Three out of four granddaughters came to spend the weekend with us. (The other granddaughter and grandson spent last weekend.) All five have cell phones and range age wise from 14 to 17. They are hard-working, do well in school and are fun to hold a conversation with on a variety of subjects.
Bill and I also like to watch movies with them, mostly mysteries and comedies. All of us like to kibitz about the characters. My sons say I have turned the teenagers into old ladies as I taught them to love mysteries. We argue over “Murdock Mysteries” from Canada versus Sherlock Holmes stories from England. The debate continues over “Miss Fisher” or “Dr. Blake.” There is a constant battle of who does the job best. Both are made in Australia. The kids will often whip out their phones and use them to make a point. So, there are winners and losers on the information grid.
Bill and I both have cell phones, and we use them to gather information we used to know as part of our jobs. Now suddenly, we love the phones to give us exact facts we no longer can pull up with a moment’s notice. So that’s good, right? But this time all three girls had their phones out in front of them as we watched the movies. They were playing games as they watched television.

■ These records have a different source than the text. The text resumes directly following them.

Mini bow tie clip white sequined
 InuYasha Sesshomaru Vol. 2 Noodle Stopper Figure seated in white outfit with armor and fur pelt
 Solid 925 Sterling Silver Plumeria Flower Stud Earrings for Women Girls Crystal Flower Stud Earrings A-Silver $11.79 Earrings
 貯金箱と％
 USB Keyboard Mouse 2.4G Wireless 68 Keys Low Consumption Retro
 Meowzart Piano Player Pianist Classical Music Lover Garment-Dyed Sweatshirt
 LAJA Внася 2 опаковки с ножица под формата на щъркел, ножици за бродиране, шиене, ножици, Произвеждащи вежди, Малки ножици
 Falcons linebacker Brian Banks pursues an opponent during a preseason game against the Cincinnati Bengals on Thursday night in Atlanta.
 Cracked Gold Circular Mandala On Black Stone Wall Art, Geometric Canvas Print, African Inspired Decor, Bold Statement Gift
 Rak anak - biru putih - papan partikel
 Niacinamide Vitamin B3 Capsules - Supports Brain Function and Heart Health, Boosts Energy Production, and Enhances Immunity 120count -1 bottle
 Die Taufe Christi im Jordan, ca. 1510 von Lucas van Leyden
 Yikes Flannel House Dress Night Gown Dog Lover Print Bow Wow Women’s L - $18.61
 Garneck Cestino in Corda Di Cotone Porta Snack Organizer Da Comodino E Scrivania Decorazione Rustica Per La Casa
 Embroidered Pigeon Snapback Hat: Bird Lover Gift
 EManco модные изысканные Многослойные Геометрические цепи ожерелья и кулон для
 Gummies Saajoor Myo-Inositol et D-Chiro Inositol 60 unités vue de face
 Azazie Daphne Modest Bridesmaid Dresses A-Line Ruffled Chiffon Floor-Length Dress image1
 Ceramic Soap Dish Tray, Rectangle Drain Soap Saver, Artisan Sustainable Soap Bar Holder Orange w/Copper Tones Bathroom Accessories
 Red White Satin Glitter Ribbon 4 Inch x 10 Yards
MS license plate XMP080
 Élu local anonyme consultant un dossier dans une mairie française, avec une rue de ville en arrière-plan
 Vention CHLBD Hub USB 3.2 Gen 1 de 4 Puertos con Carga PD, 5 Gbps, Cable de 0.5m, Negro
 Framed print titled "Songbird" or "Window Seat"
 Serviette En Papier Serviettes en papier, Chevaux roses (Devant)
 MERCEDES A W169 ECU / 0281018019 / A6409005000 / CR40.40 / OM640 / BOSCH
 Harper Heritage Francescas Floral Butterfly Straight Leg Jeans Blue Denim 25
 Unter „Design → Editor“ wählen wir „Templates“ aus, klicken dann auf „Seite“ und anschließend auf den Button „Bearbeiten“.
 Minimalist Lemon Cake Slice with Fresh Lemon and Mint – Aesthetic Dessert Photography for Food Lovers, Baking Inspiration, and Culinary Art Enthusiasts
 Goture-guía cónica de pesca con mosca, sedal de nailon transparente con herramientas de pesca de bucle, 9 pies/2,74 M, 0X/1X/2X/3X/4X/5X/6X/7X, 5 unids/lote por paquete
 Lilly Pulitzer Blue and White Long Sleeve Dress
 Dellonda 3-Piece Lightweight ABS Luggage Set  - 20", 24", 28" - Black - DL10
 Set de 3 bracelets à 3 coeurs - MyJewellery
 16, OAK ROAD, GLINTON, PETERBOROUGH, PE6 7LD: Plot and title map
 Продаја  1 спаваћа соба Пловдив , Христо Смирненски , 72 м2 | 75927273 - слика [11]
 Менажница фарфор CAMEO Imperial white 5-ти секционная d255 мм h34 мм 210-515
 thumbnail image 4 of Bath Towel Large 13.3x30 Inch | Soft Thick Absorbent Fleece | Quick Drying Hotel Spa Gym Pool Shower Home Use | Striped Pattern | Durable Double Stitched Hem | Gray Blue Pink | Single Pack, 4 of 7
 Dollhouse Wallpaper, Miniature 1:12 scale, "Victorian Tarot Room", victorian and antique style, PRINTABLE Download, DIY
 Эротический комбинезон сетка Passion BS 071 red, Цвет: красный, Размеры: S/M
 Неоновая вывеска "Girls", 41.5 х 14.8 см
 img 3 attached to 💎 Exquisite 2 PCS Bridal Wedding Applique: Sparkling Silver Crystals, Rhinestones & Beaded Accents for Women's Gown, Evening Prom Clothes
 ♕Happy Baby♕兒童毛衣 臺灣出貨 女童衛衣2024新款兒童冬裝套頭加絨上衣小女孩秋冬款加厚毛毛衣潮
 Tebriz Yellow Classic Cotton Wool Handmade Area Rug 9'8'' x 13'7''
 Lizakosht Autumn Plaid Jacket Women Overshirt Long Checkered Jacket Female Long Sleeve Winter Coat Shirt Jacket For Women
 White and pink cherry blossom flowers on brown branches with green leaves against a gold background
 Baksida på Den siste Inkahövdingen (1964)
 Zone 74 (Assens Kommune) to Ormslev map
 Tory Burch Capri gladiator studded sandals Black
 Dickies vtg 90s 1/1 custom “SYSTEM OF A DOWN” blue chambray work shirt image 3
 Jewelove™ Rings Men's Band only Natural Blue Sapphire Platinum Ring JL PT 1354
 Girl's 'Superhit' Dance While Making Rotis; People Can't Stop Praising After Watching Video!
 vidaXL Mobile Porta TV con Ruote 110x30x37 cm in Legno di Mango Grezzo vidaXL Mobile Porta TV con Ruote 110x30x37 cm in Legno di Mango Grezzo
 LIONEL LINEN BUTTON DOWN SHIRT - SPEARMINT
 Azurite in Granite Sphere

Now we have a rule no phones at the dinner table, however there is no rule about playing a game and watching a “Death in Paradise” series. I decided not to say anything, because to be honest, there was no damage being done, no disrespect to those watching. So why does it seem incorrect? I remember doing my homework with the radio on and my mother telling me I couldn’t do both. So, I switched to homework and television. When she got done explaining that I would go blind sitting that near the TV, she also said I wasn’t learning by doing both. Really?
When I looked up communication, on my phone, of course, I learned communication is essential to getting things done and it takes a two-way process. One, someone shares information, and two, someone receives and understands that information. You can also share ideas by writing, speaking, gestures, facial expressions and body language. Writing and speaking are easy to share. And if you have ever driven by Sonic when they have half-price happy hour, you can understand the gestures and facial expressions.
I still have some reservations about cell phones and food, like when we sit down in restaurants. Last week we saw a family, mom, dad, daughter and son. Each had a phone. They all only spoke to the waitress. Not one spoke to one another; they just worked their phones. I am confused. Such a good tool, the cell phone, a powerful computer in your pocket. And now almost anyone can own one. How can it be we are we talking less to one another? My friends now text me instead of calling me. I am a bit of a talker, but what about facial expressions? You can’t see that on text. I refuse to believe those emoji are better than a smile from a buddy.
Roaring Mouse still confused, text, no call me. Out.